The lines from the one containing "this 411×304 image." through the last one in the data: please copy those exactly, and only those, without the pictures.

Source records
>>

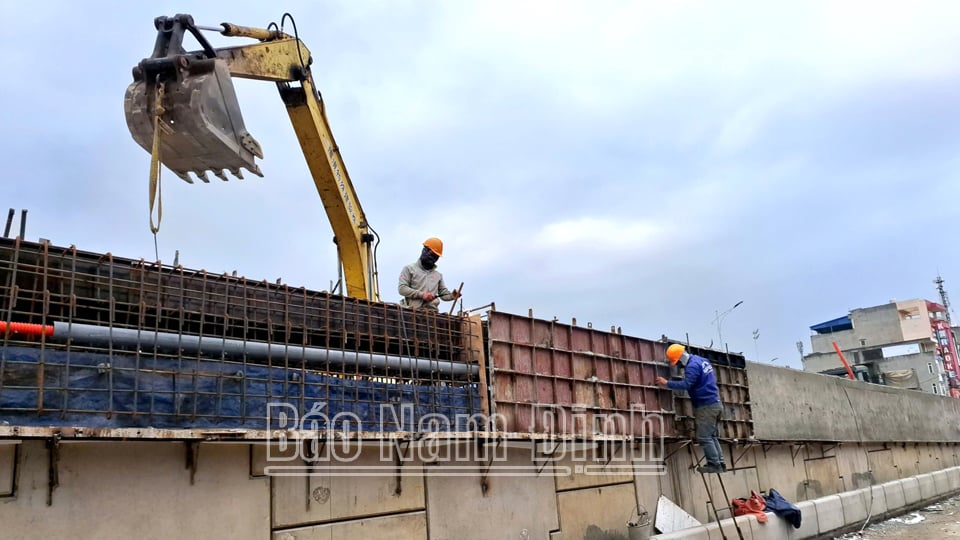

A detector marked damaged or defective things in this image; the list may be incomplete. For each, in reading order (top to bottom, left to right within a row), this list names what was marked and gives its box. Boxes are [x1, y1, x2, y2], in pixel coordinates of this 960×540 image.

rusty formwork panel [0, 238, 484, 432]
rusty formwork panel [488, 310, 752, 440]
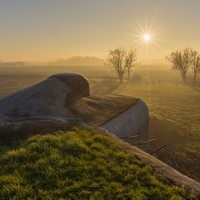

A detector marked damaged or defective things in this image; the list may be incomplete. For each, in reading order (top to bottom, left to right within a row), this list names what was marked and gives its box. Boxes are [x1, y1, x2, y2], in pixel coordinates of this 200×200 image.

cracked concrete edge [94, 126, 200, 195]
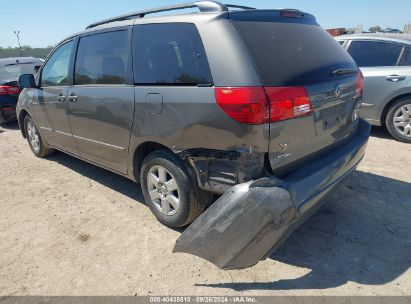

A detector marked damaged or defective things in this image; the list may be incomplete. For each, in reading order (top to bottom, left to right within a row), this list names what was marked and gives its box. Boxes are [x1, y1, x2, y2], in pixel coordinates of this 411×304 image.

damaged minivan [16, 1, 372, 268]
detached bumper [173, 118, 370, 268]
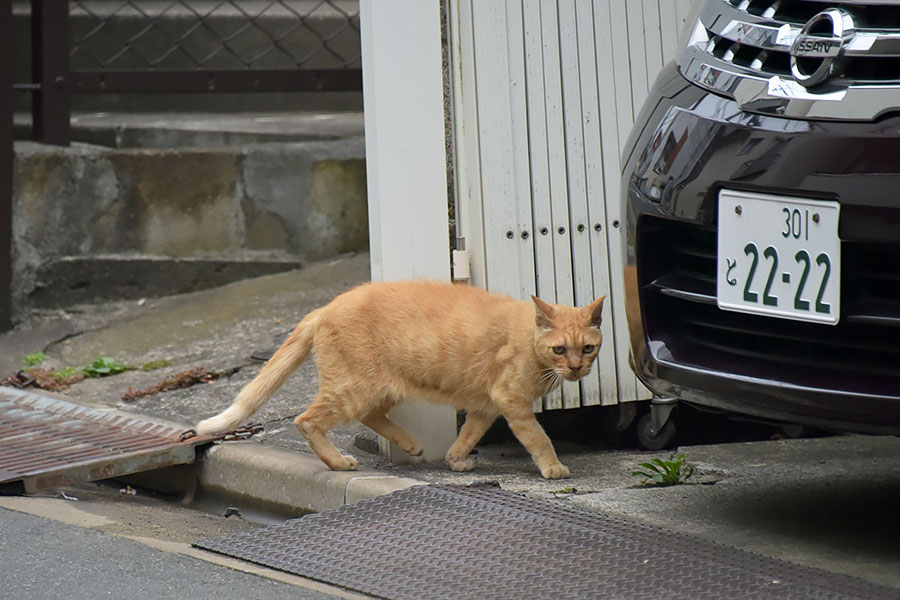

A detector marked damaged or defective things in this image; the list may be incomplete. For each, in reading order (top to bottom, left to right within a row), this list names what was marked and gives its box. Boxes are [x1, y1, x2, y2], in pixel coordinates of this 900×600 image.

<<

= Problem solution =
A detector marked damaged or defective things in this image; the list may be incomplete. For each, in reading order (top to bottom, left to right within a row), this list names what was marked and gives its box. Boxes are [x1, y1, x2, y2], in pixel coordinates of this 411×304 image.

damaged minivan [16, 1, 372, 268]
detached bumper [173, 118, 370, 268]

A detector marked damaged or defective things in this image; the list may be incomplete. For each, in reading order (top to bottom, left to right within a row), this list names what was marked and gives its box. Boxes are [x1, y1, x2, y2], in pixel coordinates of this 900×600 image.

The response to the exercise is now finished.